This type of drift occurs on a regular basis, perhaps at a certain time of the year. To give an example, customers’ shopping habits during Indian festivals such as Diwali, Onam, Sankranti, and Eid differ from other times of the year. During the festival, a new model, specifically trained on festival data, is employed. Observing recurrent patterns can be difficult since the periodicity of a pattern might change over time and is therefore difficult to observe.
In many circumstances, this type of drift occurs over a lengthy period of time and is quite normal. As an example, inflation can have a major impact on a pricing model over time. Time series models address gradual or incremental changes by accounting for changes in seasonality, but if this is not done, it poses a serious problem that needs to be addressed.
The data could be altered in any way. It’s easier to think about the case where the shift is temporally consistent, meaning that data taken over a certain time period shows the same relationship and that this relationship evolves gradually through time.
Drift in Time Series Forecasting
When it comes to time series, it refers to a set of observations that have been recorded in a consecutive manner. Observations in this type of dataset are arranged chronologically and generally show serial correlation. Time series can be modelled for many real-world processes, such as corporate payroll, stock market movements, exchange rates, city temperatures, and electroencephalograms, to name a few examples.
In most real-world time series applications, however, data is delivered in a stream. Data may flow at a rapid rate and evolve over time in this streaming environment, rendering offline modelling and forecasting methods can be easily ineffective and inappropriate as machine learning models are highly prone to change in data.

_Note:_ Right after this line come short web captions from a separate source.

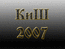 Дальше фото 2007 года в Киеве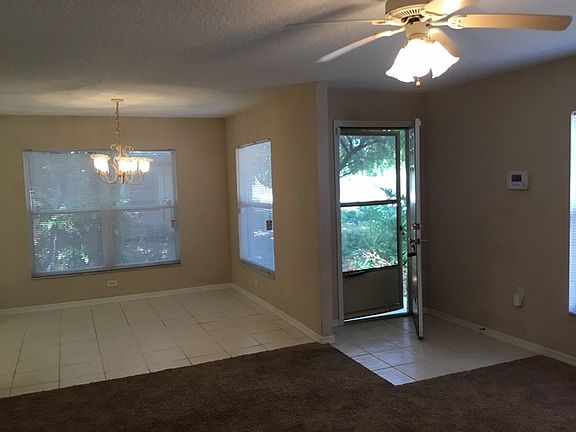 2nd image of 1607 Bowman Ave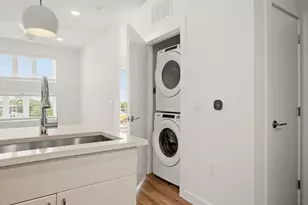 6324 N Lamar Blvd, Austin, TX 78752 - Photo 21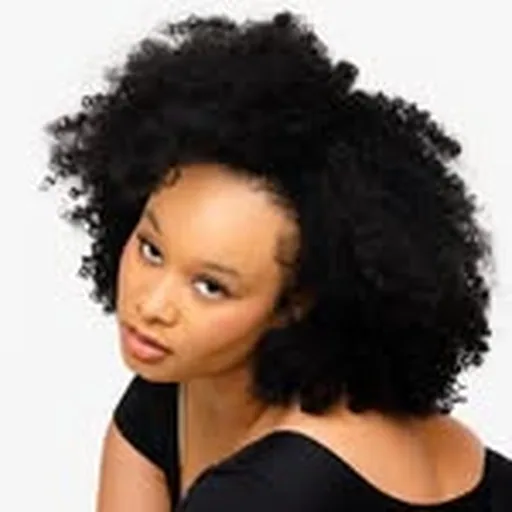 @raegigtoyne profile image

For example, changes in political and economic circumstances, as well as changes in investor psychology, can cause stock price time series to fluctuate. Predictive algorithms built on previous data become outdated in forecasting future behaviours as a result of the changing point in this situation.
Addressing the Drift
There are many methods available to address drift issues, ideally speaking the concept drift handling system should be as fast as possible so that it can adapt to the change in data quickly, should be robust to regular noise in data, and should detect concept drift precisely, lastly but not least most importantly it should recognize and treat significant drift in model performance.
Some of the popular methods to address drift can be discussed as followed:
Re-train the model on a regular basis, which can be triggered at various times, such as when the model performance falls below a certain threshold or when the average confidence score between two windows of data shows significant drift.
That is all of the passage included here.